Meanwhile, DCA (Reagan National Airport, though old-timers and cabbies and staunch Dems still call it "National Airport") is doing the opposite. Terminals A and B are now terminals 1 and 2. Gate _numbers_ are unchanged but now have a letter in front of them. Though the letter, of course, just identifies the corridor, not the terminal. "No airlines or gates have moved. This is just a signage enhancement project." Beats me what purpose it serves, 'cause I never had any trouble finding my gate at DCA. (Getting there by Metro, yeah, and clearing TSA; but finding my gate was easy.) But it's a nice little revenue stream for the sign manufacturers and installers. And probably for a team of consultants.









Enhanced Signage at DCA


Reagan National Airport (DCA) has updated signage to reflect terminal and gate-sign terminology used at most other airports. The enhancements are designed to make it easier for travelers to navigate inside and outside of the airport.




www.flyreagan.com


----------



## jis (Jun 5, 2022)

At Newark the plan has been to replace old Terminal A by the new one. Only during construction the new one was called Terminal 1 for a while. Otherwise Newark terminals have consistently had letter designations for many decades. Each terminal has had multiple pods given numbers. So at present old A-1 has been replaced by new A. Old A-1 has been demolished and replaced by taxiways and parking pads. Old A-2 and A-3 still exist and will get demolished as more of new A is commissioned.

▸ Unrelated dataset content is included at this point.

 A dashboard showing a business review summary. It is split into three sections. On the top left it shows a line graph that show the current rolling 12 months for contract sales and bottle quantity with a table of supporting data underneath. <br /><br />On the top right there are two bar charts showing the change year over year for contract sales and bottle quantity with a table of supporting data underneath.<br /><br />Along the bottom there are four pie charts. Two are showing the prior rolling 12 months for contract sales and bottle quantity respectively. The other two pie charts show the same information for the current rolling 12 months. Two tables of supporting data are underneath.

Then they will start working on B, which is a much more massive new terminal as planned. Much larger than new A.


----------



## Ryan (Jun 5, 2022)

Trollopian said:


> Meanwhile, DCA (Reagan National Airport, though old-timers and cabbies and staunch Dems still call it "National Airport")

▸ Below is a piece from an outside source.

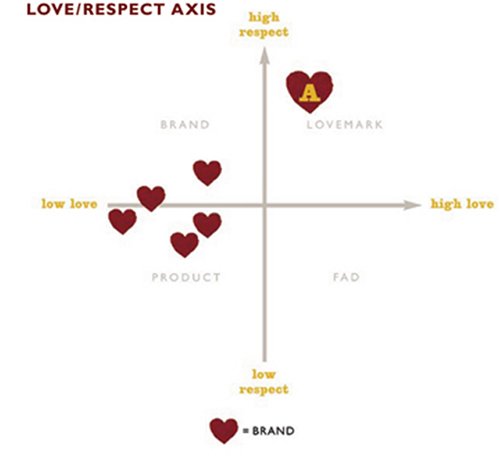 The Lovemarks Effect: Winning in the Consumer Revolution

Politics have nothing to do with it, I use "Reagan National" about as much as I use "Thurgood Marshall BWI", which is to say "freaking never".


----------



## jis (Jun 5, 2022)

Ryan said:


> Politics have nothing to do with it, I use "Reagan National" about as much as I use "Thurgood Marshall BWI", which is to say "freaking never".


I suppose that may be why when they changed the name of Idlewild, they completely dropped Idlewild and named the airport John F Kennedy International, and changed the code to JFK to boot. So now everyone calls it JFK or Kennedy. And La Guardia I guess has always been La Guardia.

Technically Newark is "Newark Liberty International", but at least I have never used the L word in referring to Newark. It is EWR or Newark.


----------



## Dakota 400 (Jun 5, 2022)

Trollopian said:


> Meanwhile, DCA (Reagan National Airport, though old-timers and cabbies and staunch Dems still call it "National Airport") is doing the opposite. Terminals A and B are now terminals 1 and 2. Gate _numbers_ are unchanged but now have a letter in front of them. Though the letter, of course, just identifies the corridor, not the terminal. "No airlines or gates have moved. This is just a signage enhancement project." Beats me what purpose it serves, 'cause I never had any trouble finding my gate at DCA. (Getting there by Metro, yeah, and clearing TSA; but finding my gate was easy.) But it's a nice little revenue stream for the sign manufacturers and installers. And probably for a team of consultants.
> 
> 
> 
> ...



Another example of change for change's sake?


----------



## Trollopian (Jun 6, 2022)

Ryan said:


> Politics have nothing to do with it, I use "Reagan National" about as much as I use "Thurgood Marshall BWI", which is to say "freaking never".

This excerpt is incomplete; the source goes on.